Short text fragments from websites

═══

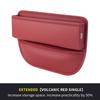 Car Seat Crevice Storage Organizer Box for BMW 7 Series G70 G09 XM U06 G81 M3 2026 I7 X7 G07 LCI IX I20 X1 U11 Gap Filling Box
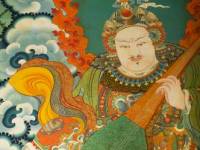 bigstockphoto_Buddhist_Painting_In_Tibet_2893342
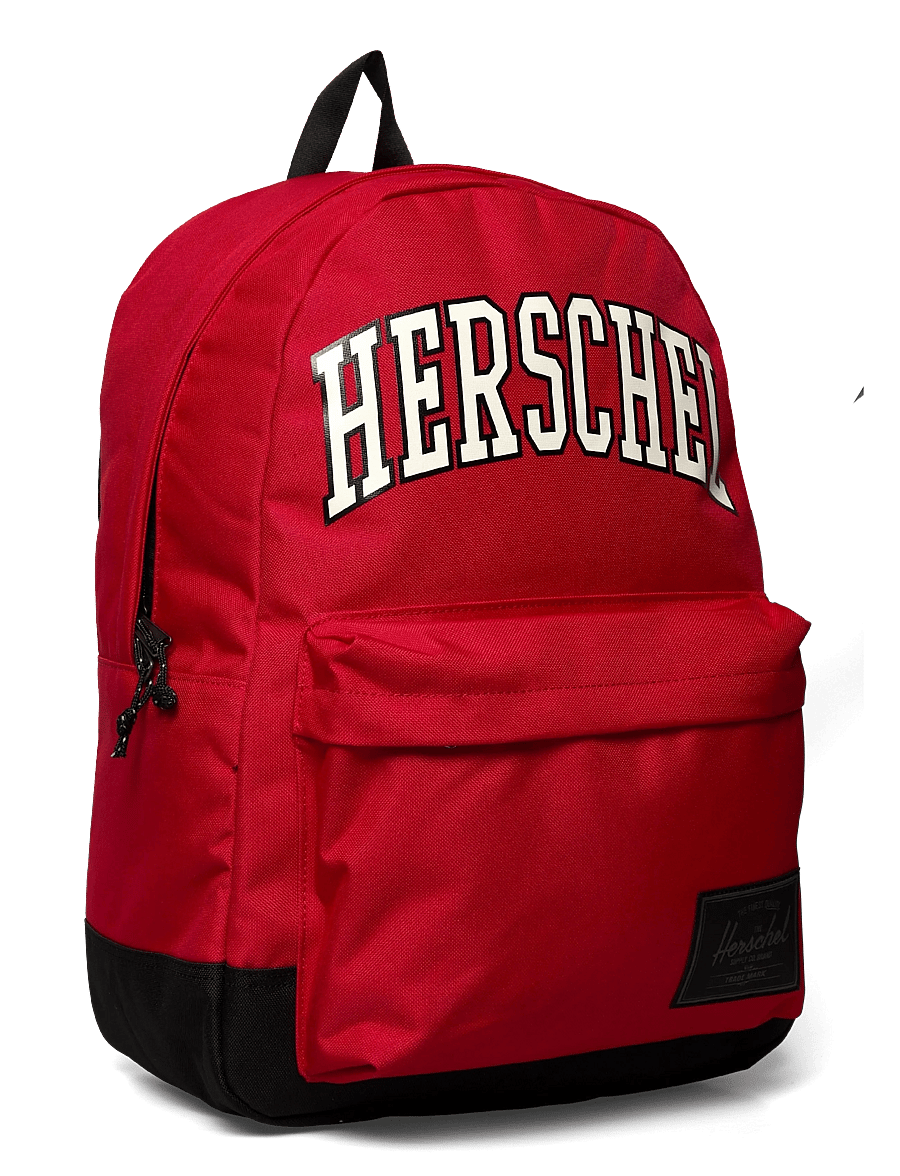 Herschel - Herschel Classic XL Backpack - seljakotid - varsity red - 2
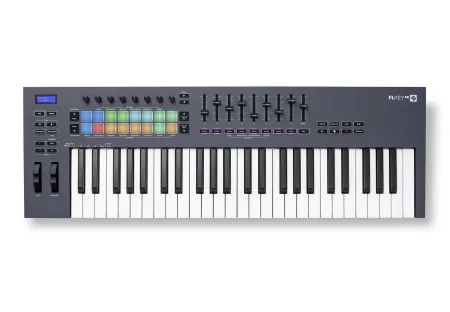 Купить NOVATION FLkey 49 MK1 по выгодной цене в Нижнем Новгороде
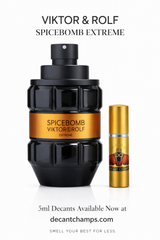 Viktor & Rolf Spicebomb Extreme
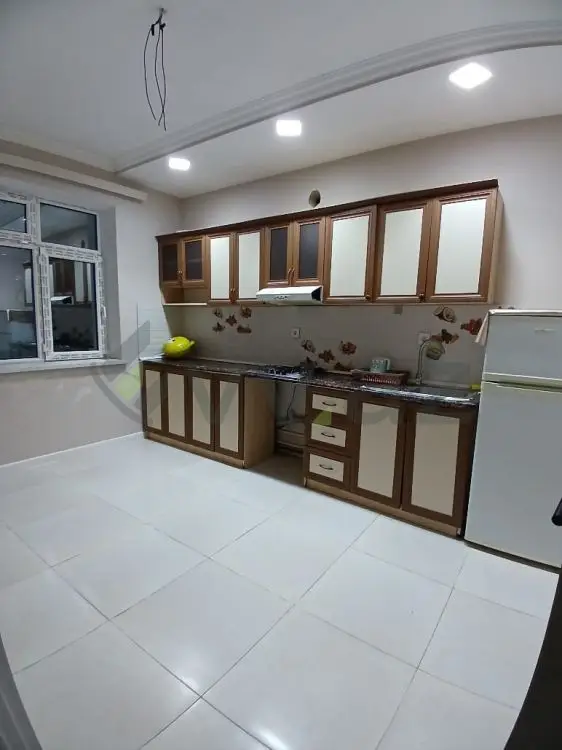 4 otaqlı Həyət evi Kirayə, Xırdalan — Ev, villa, Xırdalan (3)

═══

Please set down only the lines from the one containing "Купить NOVATION FLkey" through the end of the entries, exactly as they stand, both ends included and with no pictures.

▶ _Result_
 Купить NOVATION FLkey 49 MK1 по выгодной цене в Нижнем Новгороде
 Viktor & Rolf Spicebomb Extreme
 4 otaqlı Həyət evi Kirayə, Xırdalan — Ev, villa, Xırdalan (3)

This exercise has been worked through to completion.